Smoke was starting to cloud her vision, just like the dark cloud was already blanketing my thoughts for weeks. Mom recounted stories of how people noticed that she was missing a breast. How the woman in her regular grocer would stare at her - why do people do this? Why do they stare at people who look a little different? My sister-in-law confirmed that, even though my mom says she's fine, she really was not fine. "She never leaves the house, even when I ask her to come somewhere with me," she says. I'm fine, mom retorts.

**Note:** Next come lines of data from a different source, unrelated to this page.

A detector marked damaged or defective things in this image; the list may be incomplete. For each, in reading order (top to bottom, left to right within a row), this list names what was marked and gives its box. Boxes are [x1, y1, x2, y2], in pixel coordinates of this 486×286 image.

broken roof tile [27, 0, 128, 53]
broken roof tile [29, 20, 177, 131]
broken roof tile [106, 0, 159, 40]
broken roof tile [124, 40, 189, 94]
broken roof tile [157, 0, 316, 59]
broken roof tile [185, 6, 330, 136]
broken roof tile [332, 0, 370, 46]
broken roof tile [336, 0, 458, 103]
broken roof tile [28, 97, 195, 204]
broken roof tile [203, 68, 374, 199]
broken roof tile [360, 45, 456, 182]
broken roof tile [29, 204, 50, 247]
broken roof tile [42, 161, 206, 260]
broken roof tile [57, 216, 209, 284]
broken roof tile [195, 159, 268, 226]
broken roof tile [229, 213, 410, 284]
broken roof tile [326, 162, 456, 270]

Her first session of chemotheraphy was on a Friday, I take leave from work to be with her and support her through this poisonous hell that has to be willingly injected into her body. Soon she comes out, much sooner than we expected, tears welling in her eyes. "I can't have chemo today, I have an infection. I just want this to be over with, I just want this to end." Her next session is to start in two weeks time, to give the infection from the operation a chance to clear up. The doctor won't risk giving chemo at the same time. Gone is the positive and strong mom I saw earlier. Now reality kicks in.

Fast forward to November 6. Mom has been admitted to hospital and discharged a week later. The chemo did not sit well with her, she wants to quit it. We were also in an attempted mugging and there was a fatal hijacking in our area. It all builds up.

Dad might have cancer.

In this minute, I did not even have the energy to cry. I knew it would come out sometime, but I just didn't have the energy.

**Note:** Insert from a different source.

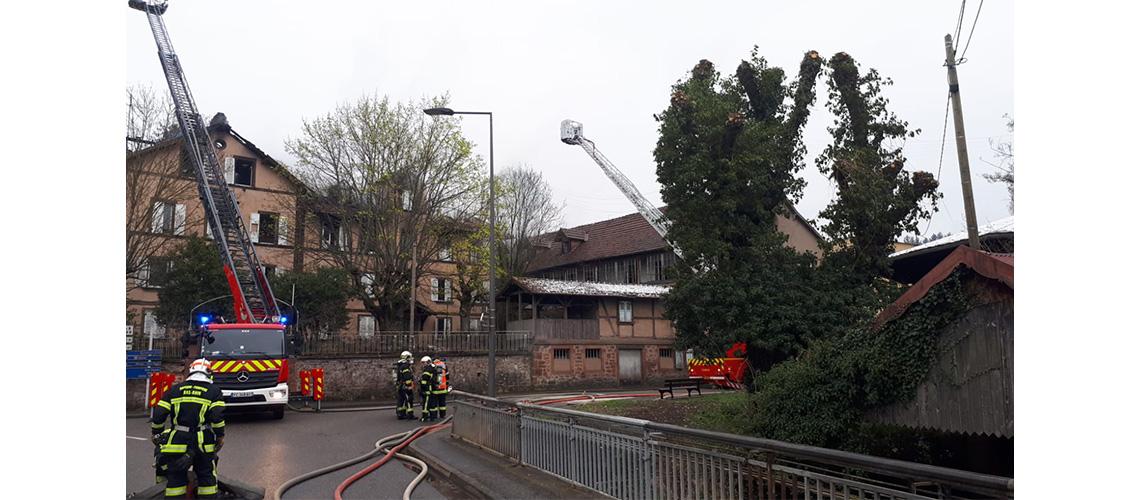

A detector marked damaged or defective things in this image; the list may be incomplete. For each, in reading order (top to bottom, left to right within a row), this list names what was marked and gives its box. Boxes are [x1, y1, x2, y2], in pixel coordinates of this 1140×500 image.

burned roof [508, 275, 665, 298]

I knew there was a lesson to be learnt here somewhere, but I would just like to stop being tested for a day or two. I would like to breathe and not worry about anything. My head just kept on spinning.

By December, my mom had gone through, and thank God survived, another serious stint in hospital. There were talks of blood transfusions and some scary medicines. And then the doctor told my mom that he would not continue with chemotherapy as it will kill her before the cancer does. If the cancer did.

It was a four-month wait, but this week my mom went back to the doctor's office and she was clean! There was no trace of cancer in her body. And I have to say that even though she lost some of her hair and shaved her head before everything could fall out, I have never seen anyone look more fabulous with a pixie cut than my mom.

I praise God for healing her, because it was only through His grace and love that she is now stronger, sexier and healthier than ever. To God be all the glory!